How many times have you told yourself or someone else, regarding addressing clutter or hoarding behavior, to stop making excuses? While it is true, we all make excuses, it is important that as individuals and family members affected by clutter, along with the professionals that work with them, we all recognize the factors that contribute to the difficulty in addressing clutter and hoarding behavior. In recognizing these factors, we are better able to set reasonable expectations and learn together how to work around these factors to move towards change. By not considering these factors, no matter what your role, we are setting ourselves up for failure.

At the beginning of training presentations, I like to ask the audience how many people have worked with someone in a hoarded situation that said: “I can do this myself, I don’t need help.”? Everyone raises their hand. My next question is “How many times have you gone back and very little, if anything, is done”? Most people raise their hand. Then I ask “How many people think the person was lying when they said they could do it on their own or didn’t need help?” Again, almost everyone raises their hand.

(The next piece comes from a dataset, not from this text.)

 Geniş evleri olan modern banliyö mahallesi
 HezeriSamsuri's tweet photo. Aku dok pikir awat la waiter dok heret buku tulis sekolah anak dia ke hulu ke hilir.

While it is true that no one really wants someone else in their home touching and making decisions on their stuff, it is also true that most people struggling with hoarding disorder honestly believe they can do it on their own. They likely do not know or forget to consider the factors working against their best intentions. As one of my clients put it, “I overestimate my ability to accomplish a task and underestimated the time it takes me to do it”.

Some, but clearly not all, of the factors that affect the ability to take clear and meaningful action, are being overwhelmed, not knowing where to start, struggling with being able to organize or categorize, difficulty making decisions, difficulty focusing, the role depression plays on motivation, and the role anxiety plays in avoidance. If we can pinpoint those factors that are the most significant barriers to progress with clutter and/or hoarding behavior, we can then discover ways to work together around those issues.